System (please complete the following information):

  • failprint version: 0.4.1
  • Python version: 3.6
  • OS: Windows

Additional context
The encoding used by the console can be obtained with the command chcp. It prints a sentence in the current locale with, I hope always in this format, the "code page" at the end, something like Page de codes active : 850. This code page can then be used to decode the output. We could do something like this:

try:
    _, chcp_output = _run_process(["chcp"])
    os_encoding = re.search(r"(\d+)").group(1)  # code page does not lose characters
except UnicodeDecodeError:
    import locale  # locale sometimes lose characters (é -> ,)
    os_encoding = locale.getpreferredencoding()

try:
    stdout = stdout.decode("utf8")
except UnicodeDecodeError:
    if not os_encoding:
        raise
    stdout = stdout.decode(os_encoding)

Things to try to fix runs on Windows...

ns = collection.Collection(directories)
ns.configure({
    'run': {
        'shell': os.environ.get('COMSPEC', os.environ.get('SHELL'))
    }
})

Or always use double-quotes to wrap arguments in context.run.
Or run commands with bash -c.

Use Rich for markup

Is your feature request related to a problem?

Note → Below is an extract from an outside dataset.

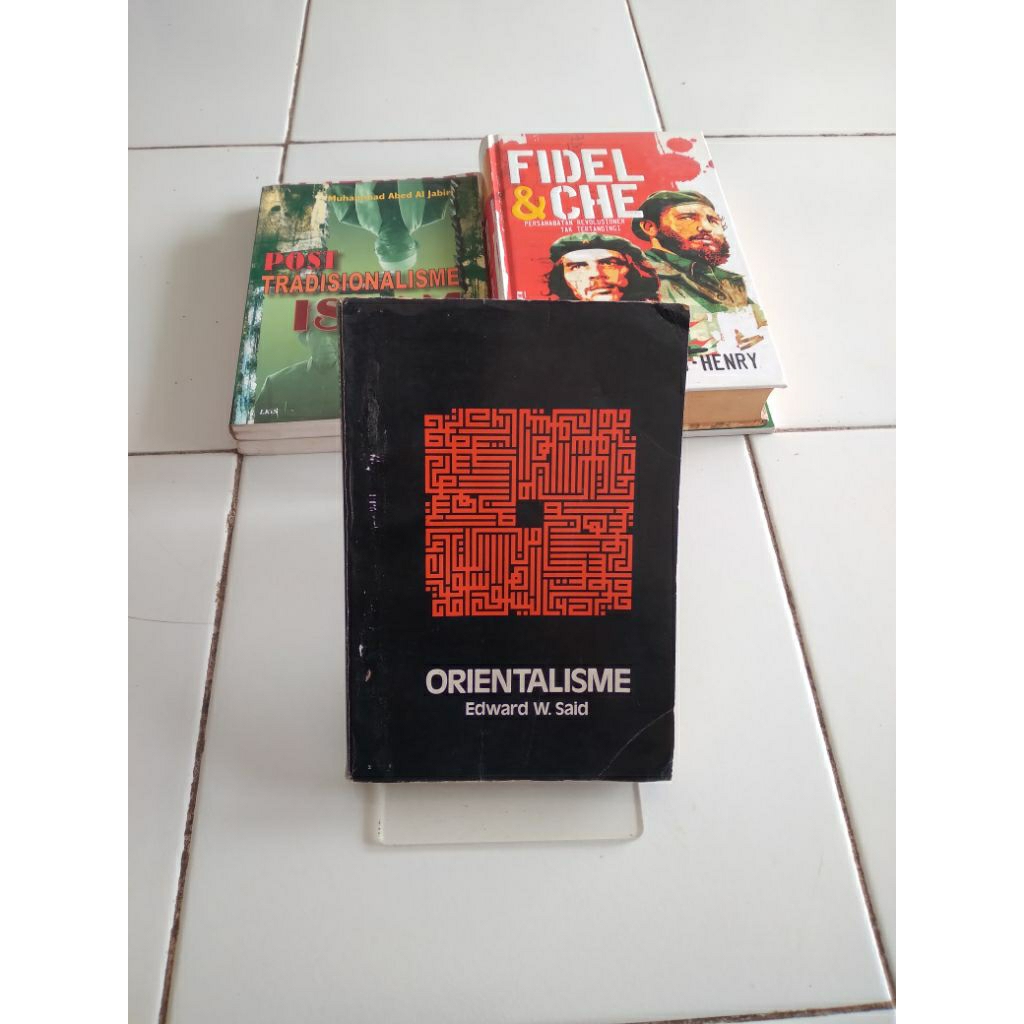 orientalisme edward w. said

Please describe.
Ansimarkup (currently used) crashes when it encounters unknown markup tags (typically XML).
I've opened an issue more than one year ago but didn't get feedback from the maintainer (gvalkov/python-ansimarkup#17).

Describe the solution you'd like
A solution would be to switch to Rich which provides an escape method: https://rich.readthedocs.io/en/stable/reference/markup.html#rich.markup.escape. It also uses [] instead of <> so would not have any problems with XML in the output.

Describe alternatives you've considered
Implementing an escape function in Ansimarkup.

Additional context
Rich would also allow much more rich (pun intended) formats.